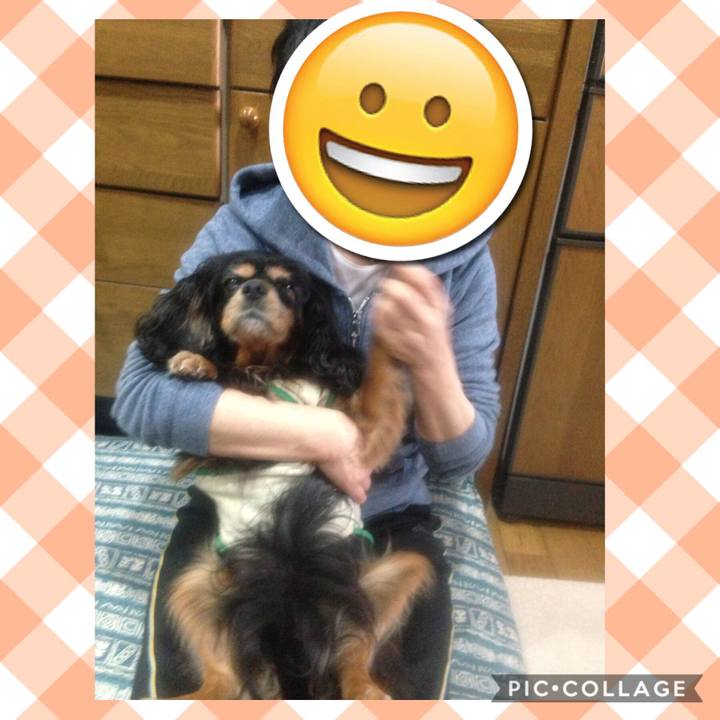 Decb9765 0ff0 453e ae51 8d352f4fa7ec 1535955534401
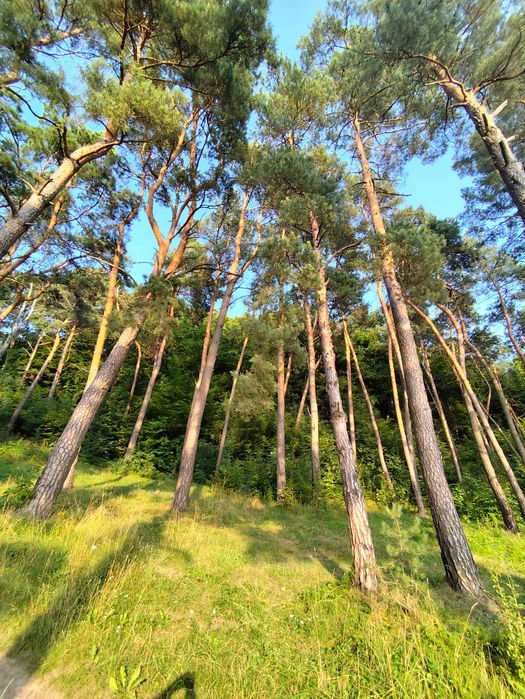 Дача с Івашківці поряд з лісом та ставком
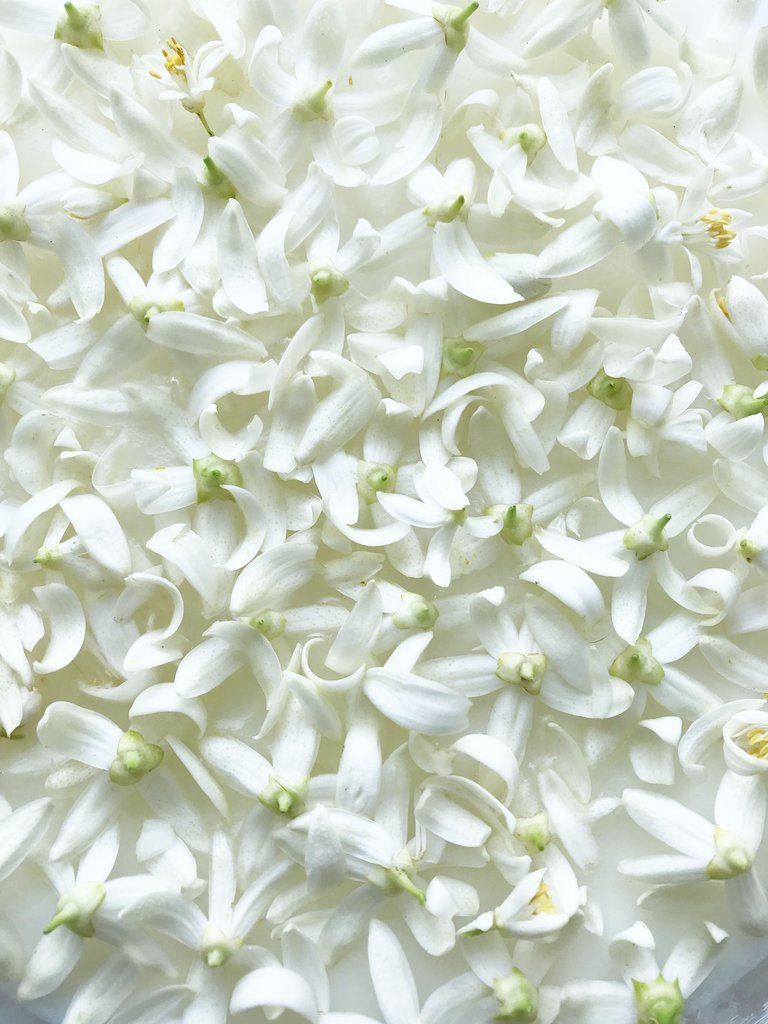 Fleurs blanches pour illustrer un article sur le parfum floral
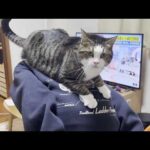 大きくなっても娘が大好きで背中に乗ってあげる猫(YouTube)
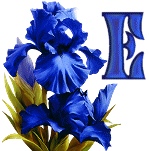 синий ирис алфавит, image #5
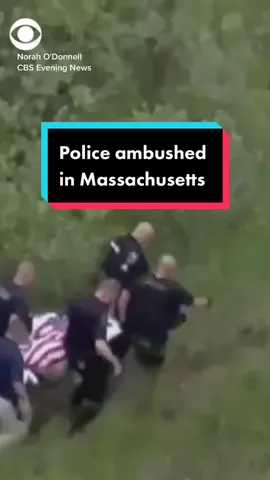 Police officers and police dog ambushed in Massachusetts. #news #police #massachusetts #policedog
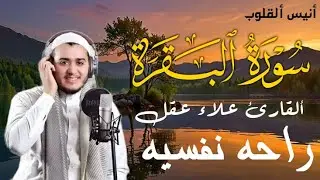 سورة البقرة كاملة, رقية للبيت, وعلاج للسحر | القارئ علاء عقل - Surah Al Baqarah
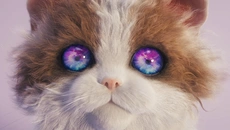 Catly - дата выхода для Nintendo Switch 2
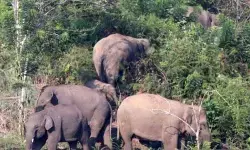 BKSDA ingatkan warga waspada interaksi negatif kawanan Gajah Sumatra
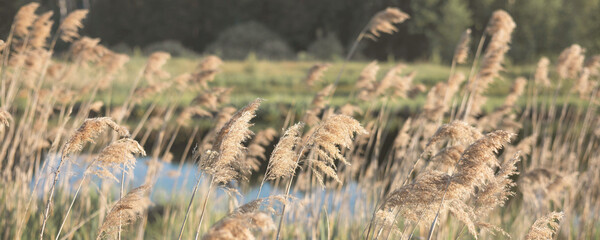 Pampas grass on the river in summer. Natural background of golden dry reeds against a blue sky....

____

- Work order:
Copy out the entries verbatim and leave the images out.

- Reply to the task:
 Decb9765 0ff0 453e ae51 8d352f4fa7ec 1535955534401
 Дача с Івашківці поряд з лісом та ставком
 Fleurs blanches pour illustrer un article sur le parfum floral
 大きくなっても娘が大好きで背中に乗ってあげる猫(YouTube)
 синий ирис алфавит, image #5
 Police officers and police dog ambushed in Massachusetts. #news #police #massachusetts #policedog
 سورة البقرة كاملة, رقية للبيت, وعلاج للسحر | القارئ علاء عقل - Surah Al Baqarah
 Catly - дата выхода для Nintendo Switch 2
 BKSDA ingatkan warga waspada interaksi negatif kawanan Gajah Sumatra
 Pampas grass on the river in summer. Natural background of golden dry reeds against a blue sky....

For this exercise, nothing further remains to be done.